■ Try it: Without including any pictures, return the records below exactly as written.

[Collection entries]

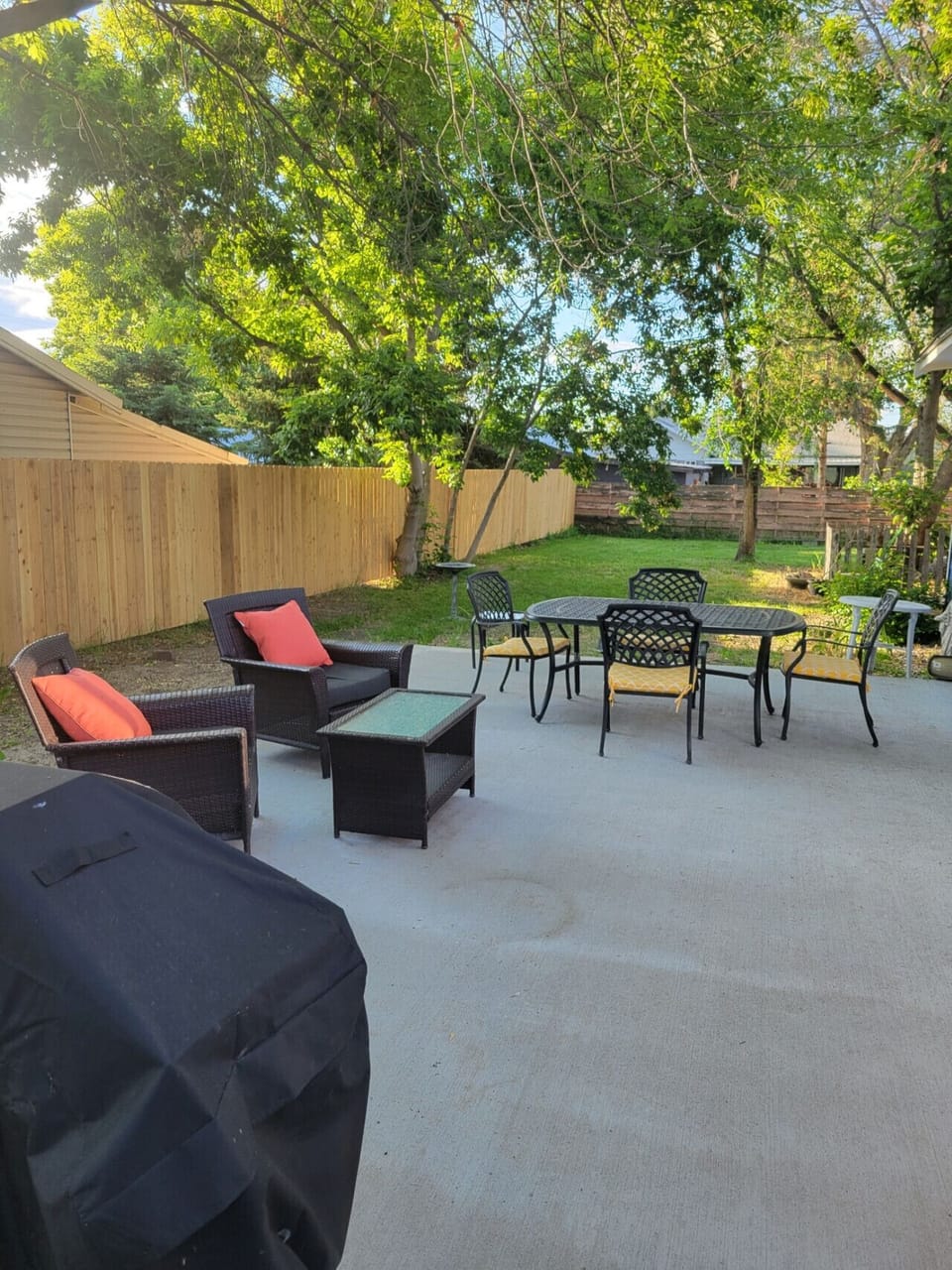 Spacious fenced backyard patio with comfortable seating-ideal for outdoor dining and relaxing.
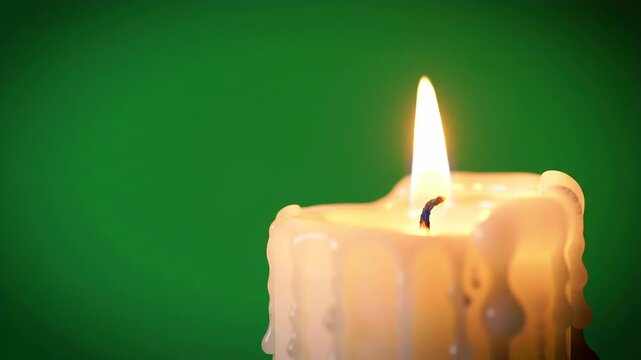 A closeup of a burning candle with a green background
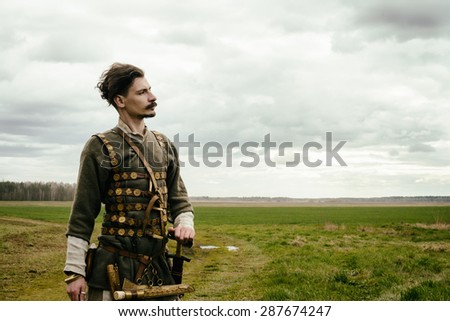 man in ethnic suit in context of historical reconstruction outdoor
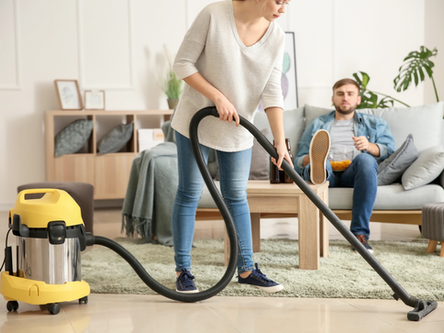 Woman vacuuming while her partner sits on the couch eating. Reflecting overfunctioning in a relationship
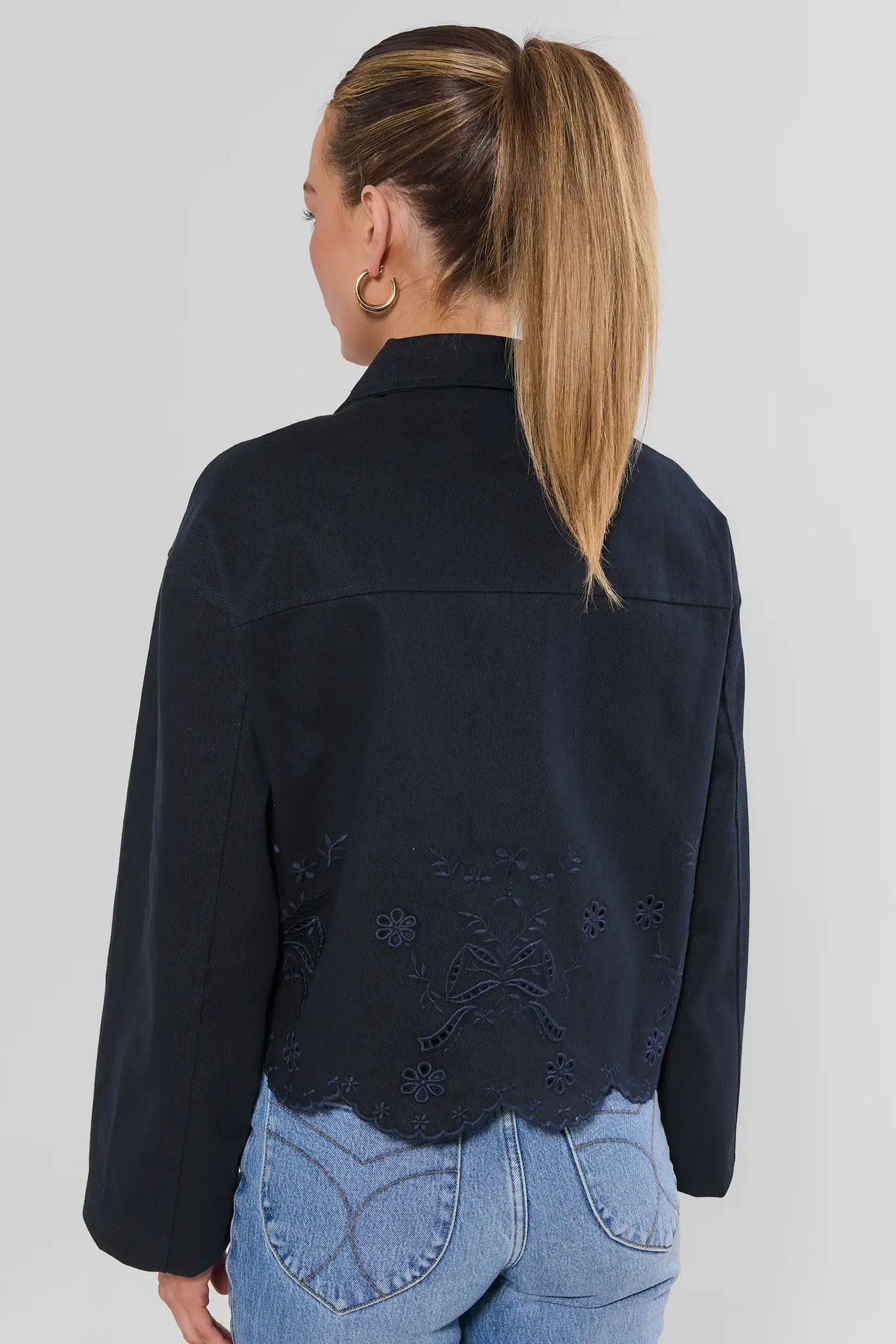 Navy Cotton Eyelet Jacket - Back View Showing Scalloped Hem Detail | Avara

■ Task output:
 Spacious fenced backyard patio with comfortable seating-ideal for outdoor dining and relaxing.
 A closeup of a burning candle with a green background
 man in ethnic suit in context of historical reconstruction outdoor
 Woman vacuuming while her partner sits on the couch eating. Reflecting overfunctioning in a relationship
 Navy Cotton Eyelet Jacket - Back View Showing Scalloped Hem Detail | Avara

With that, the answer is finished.